DATA LOGISTIC TOOLKIT (DLT)
The escalation of data intensive research, and the proliferation of highly distributed collaboration in nearly every field of science have combined to make data management and movement increasingly problematic. The goal of this project was the production of an easy-to-install, easy-to-use software system for data logistics, called the Data Logistics Toolkit (DLT). Logistics is defined as “the time sensitive positioning of goods and services” or the “detailed coordination of a complex operation involving many people, facilities, or supplies”. The basis of our data logistics approach is to consider network-centric cyberinfrastructure in which the “goods” are data. As such, we have developed models and software infrastructure for the coordination, positioning and distribution of data for various applications, packaged in a set of building blocks that comprise the DLT.
Various data logistics software components were integrated to become the DLT and the system was packaged for distribution in "shrink-wrapped" form. The Toolkit has guided installers and can configure itself to be usable as a platform for high-performance data sharing over high-speed research and education networks, as well as providing components that can be leveraged by other science applications and frameworks. Instances of the Toolkit will boot, automatically configure themselves, register themselves with a global discovery service, and become immediately useable as logistical data resources.
The Data Logistics Toolkit (DLT) combines software technologies for shared storage, network monitoring, enhanced control signaling and efficient use of dynamically allocated circuits. Its main components are network storage server (“depot") technology based on the Internet Backplane Protocol (IBP), services and libraries to provide data and file services, perfSONAR-based services for system and network performance measurement and monitoring, a resource discovery and configuration service, services and libraries to provide data and file services, and Phoebus for optimizing the use of network resources in wide-area data transfers.

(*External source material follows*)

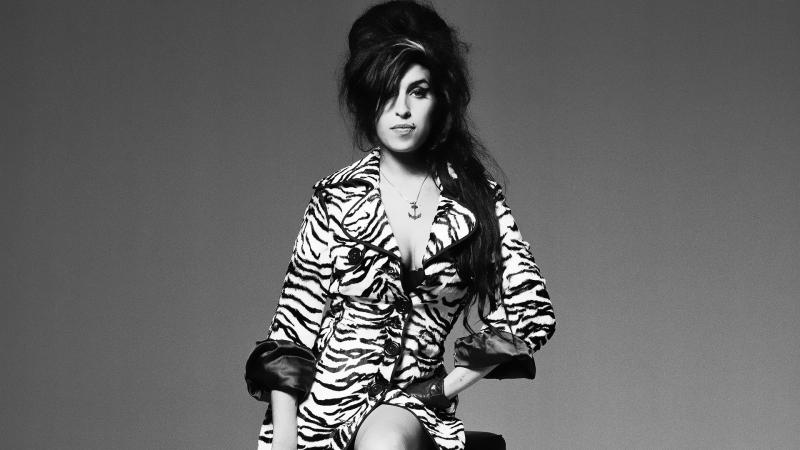 Vestea care face înconjurul lumii! Regretata Amy Winehouse revine pe scenă, sub forma unei holograme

DLT-enabled services (e.g. a global "drop box" for research that supports automatic data positioning) enable the automation and optimization of the timely placement of data across a wide range of scenarios, using policy-controlled sharing, replication, caching, control loop optimization and overlay multicast. Offering familiar user and programming interfaces, and backed by a solid but scalable security framework, the DLT transforms global data-intensive collaboration by providing a generic interface to an essential logistical resource - storage - and by giving campuses with DLT-enabled nodes the network awareness and adaptivity needed to maximize the productivity of their wide area network connections for dealing with distributed data and computing resources.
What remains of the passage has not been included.